** GIVEN INFORMATION follows **

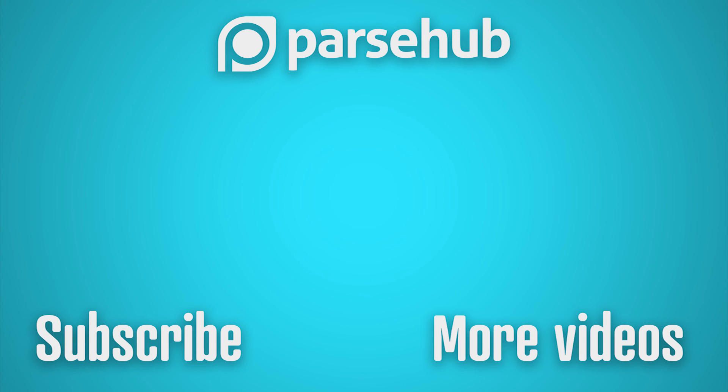Thanks for watching our video. If you want to learn more about web scraping, check us out at ParseHub.com and subscribe to our YouTube channel for more videos on web scraping, data and the internet.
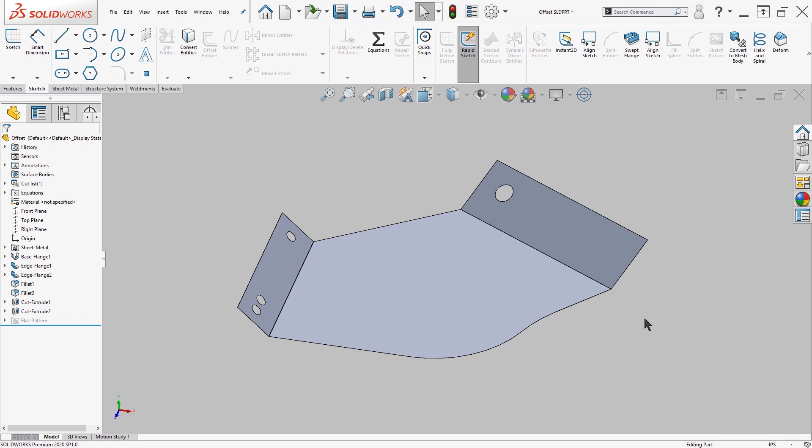I'm going to create a few cutouts. These cutouts can be a little bit more complicated, so instead I'm going to use the Spline tool and Offset Entities.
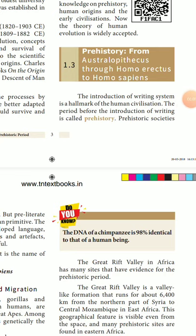Dear students, we have seen the evolution of human and society — lessons from Australopithecus through Homo erectus to Homo sapiens. The introduction of a writing system is a hallmark of human civilization.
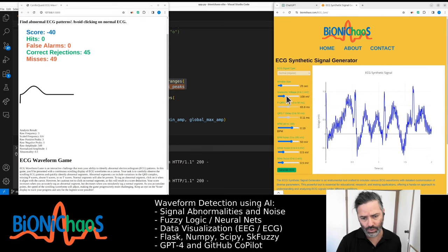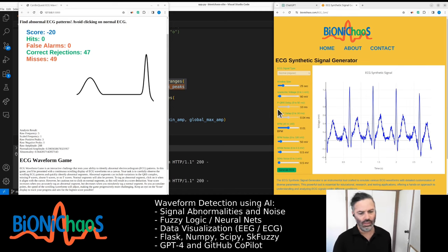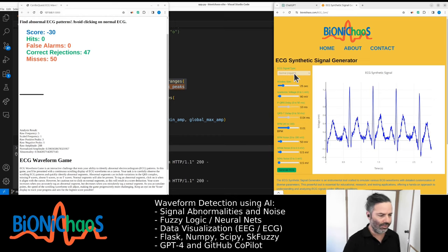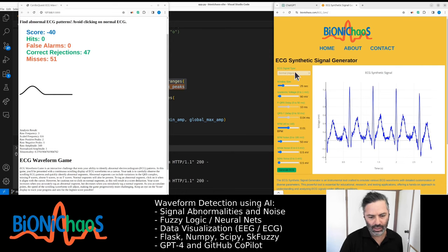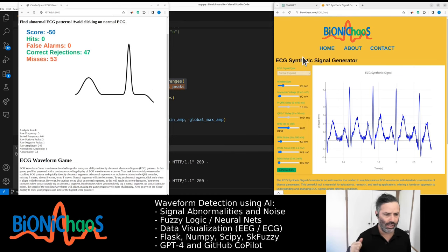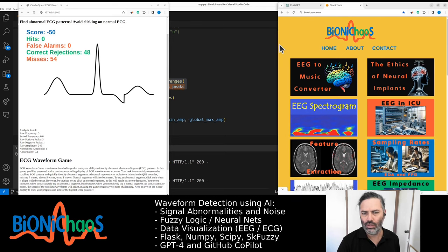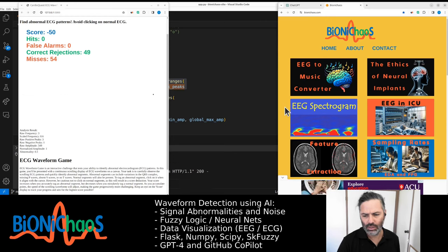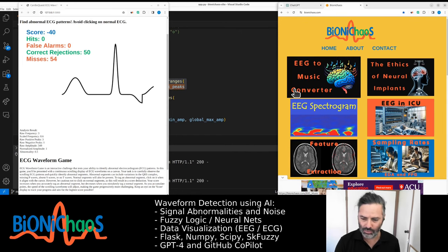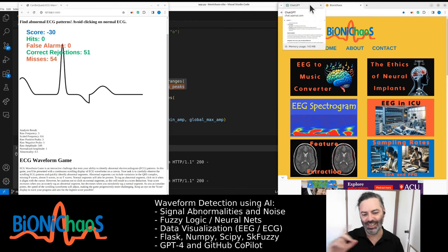It has noise to it as well — noise is the default. Ideally we'd also have a dropdown that pre-selects different types of ECG waveform abnormalities. This is easier than dealing with EEG, which is more random. Go check out bionicchaos.com. If you are a medical professional or a student, please do let me know what you think. I'll see you next time. Bye.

** End of GIVEN INFORMATION **

## WHAT IS NEEDED
Begin at the first line of the listing and print each line exactly. Stop after the line containing "I'm going to create", and omit all pictures.

## WRITTEN SOLUTION
Thanks for watching our video. If you want to learn more about web scraping, check us out at ParseHub.com and subscribe to our YouTube channel for more videos on web scraping, data and the internet.
I'm going to create a few cutouts. These cutouts can be a little bit more complicated, so instead I'm going to use the Spline tool and Offset Entities.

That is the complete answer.